La oración es propia del humilde, por eso el salmista continúa diciendo: El Señor se fija en el humilde y de lejos conoce al soberbio”. Da gracias a Dios porque se fija en el humilde. El que reza reconoce que debe recurrir a un Dios que es grande, que tiene poder para cambiar mi situación, para transformar el mal en bien, para perdonar y derramar su misericordia. San Agustín pensando en esta humildad, decía: “Feliz aquel a quien Dios le muestra su misericordia. Aquel a quien Dios muestra su misericordia no puede ensoberbecerse. Pues mostrándole su misericordia, lo persuade de que todo lo bueno que tiene el hombre, no lo tiene sino por aquel que es nuestro sumo bien. Y cuando el hombre ve que todo el bien que tiene no lo tiene por sí mismo, sino por su Dios, advierte que todo lo que en él es alabado procede de la misericordia de Dios, no de sus propios méritos; y viendo estas cosas, no se ensoberbece; al no ensoberbecerse, no se jacta; al no jactarse, no cae; al no caer, se mantiene firme; manteniéndose firme, se adhiere; adhiriéndose, permanece; permaneciendo, goza y se alegra en el Señor su Dios”.

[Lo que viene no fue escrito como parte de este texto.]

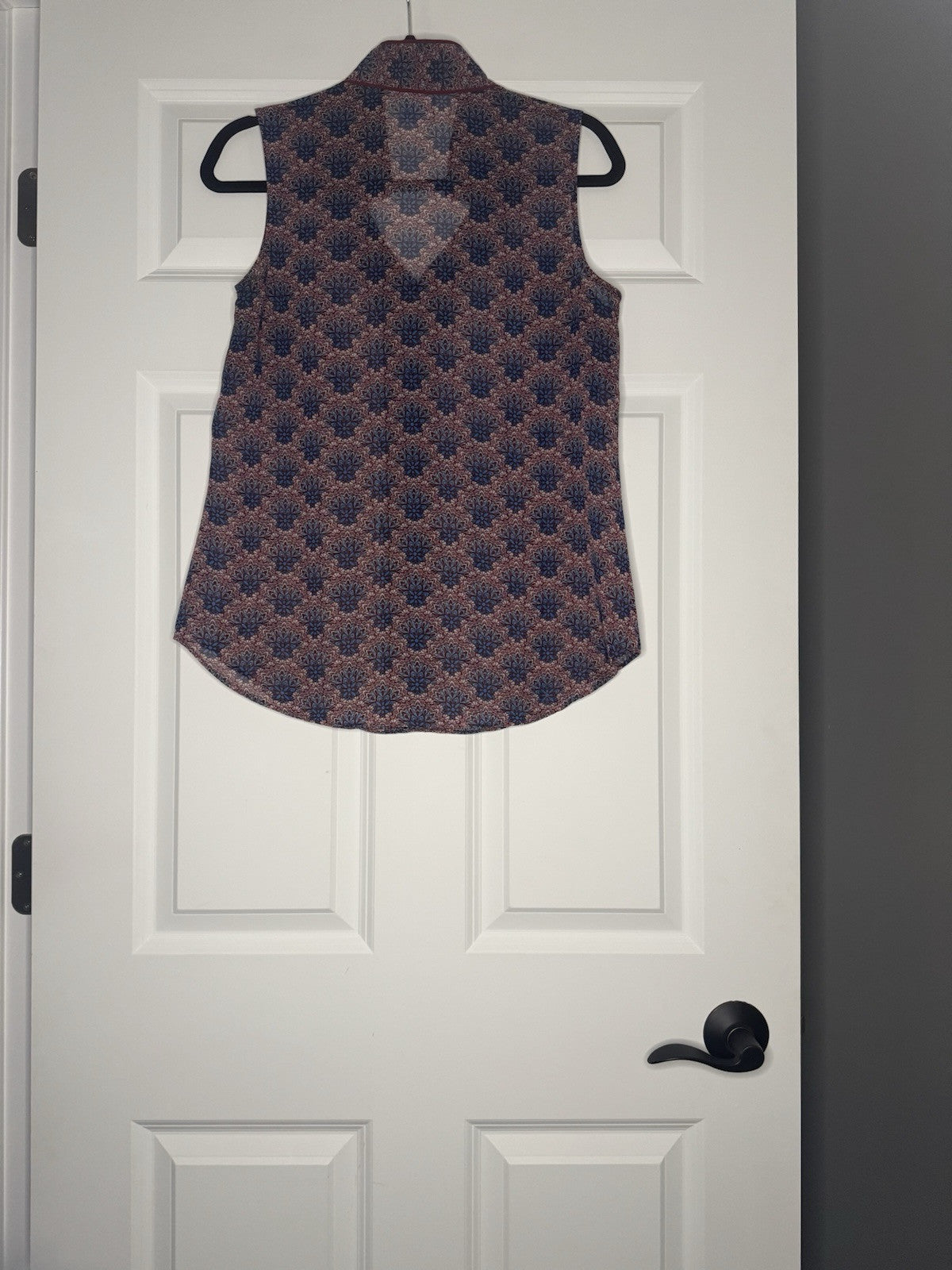 Cabi Sleeveless Button Up Blouse Small Maroon Blue Taupe Print 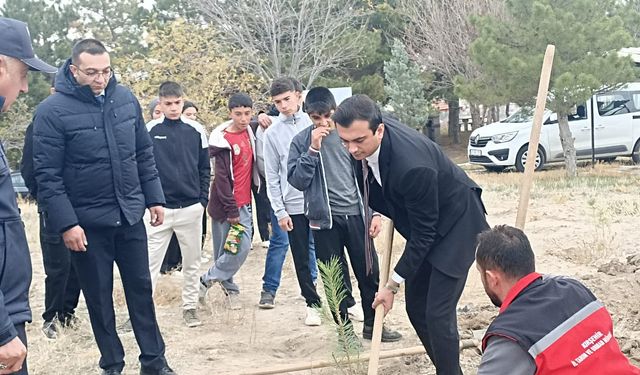 Boztepe’de yeşil vatan için fidanlar toprakla buluştu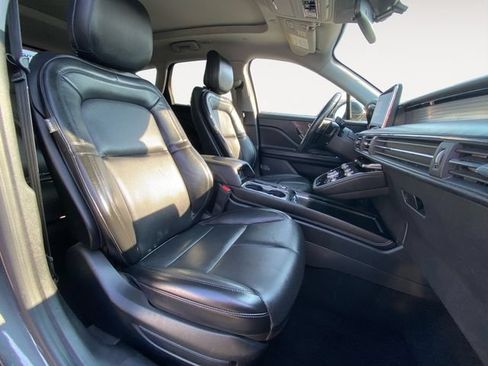 Used 2020 Lincoln Corsair FWD w/ Premium Package image 15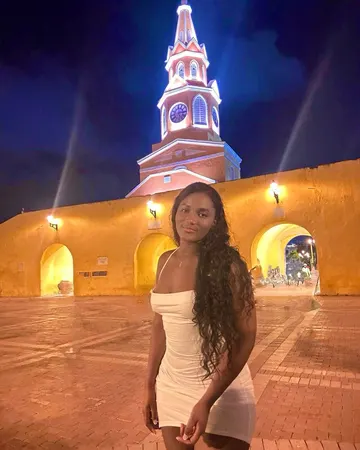 Jhoana, מארחת מאומתת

La oración nos ayuda a reconocer el paso de Dios en nuestro día; nos hace más sensibles a su presencia; nos ayuda a ver su mano poderosa. El salmista lo expresa claramente al decir: “Cuando camino en medio de angustias, cuando camino entre peligros, me conservas la vida; extiendes tu mano y ella me salva”. Por eso da gracias. Porque supo reconocer la mano de Dios en las angustias, en los peligros. Tenía dentro de su alma la palabra que el Señor había pronunciado por boca de Isaías: “Yo habito en lo excelso y sagrado, y estoy también con el humillado y abatido, para avivar el espíritu de los abatidos, para avivar el ánimo de los humillados” (Is 57,15). En otro salmo, el salmista dice: “alabemos a nuestro Dios, démosle gracias porque él nos ha devuelto la vida, y no dejó que tropezaran nuestros pies… Vengan a escuchar, les contaré lo que Dios hizo conmigo: a él gritó mi boca y él atendió a mi voz suplicante.” (salmo 65). ¡Si nuestra vida fuera esto, si nuestro día fuera un contar que Dios escucha siempre la voz suplicante!

El salmista acaba plenamente pacificado en las manos de Dios. Todo el día queda envuelto en esta atmósfera de paz, la paz de saber que Dios se ocupará, que él completará lo que nuestra debilidad y nuestros mismos pecados no pudieron alcanzar. Dios lo hará. El verbo que utiliza es “perfeccionar”, Dios perfeccionará su obra en mi, la llevará hasta el fin. Y por eso termina con esta invocación humilde y confiada: “Señor, no abandones la obra de tus manos”. San Agustín, comentando este versículo final dice: “No digo: Señor, no abandones las obras de mis manos; no me glorío de mis obras, pues temo que al examinarlas encuentres más pecados que méritos. Sólo digo esto, sólo deseo pedir esto: No abandones la obra de tus manos. Ve en mí tu obra, no la mía; porque si atiendes a la mía, me condenarás; pero, si ves la tuya, la coronarás. Cualquiera obra buena que tenga, la tengo por ti, por eso es más bien tuya que mía. ¡Oh Señor, no abandones la obra de tus manos!”.

Y para concluir, estas bellísimas palabras de Benedicto XVI que al rezar este este versículo, “Señor no abandones la obra de tus manos, decía:  “También nosotros debemos vivir siempre con esta confianza, con esta certeza en la bondad de Dios. debemos tener la seguridad de que, por más pesadas y tempestuosas que sean las pruebas que debamos afrontar, nunca estaremos abandonados a nosotros mismos, nunca caeremos fuera de las manos del Señor, las manos que nos han creado y que ahora nos siguen en el camino de la vida”.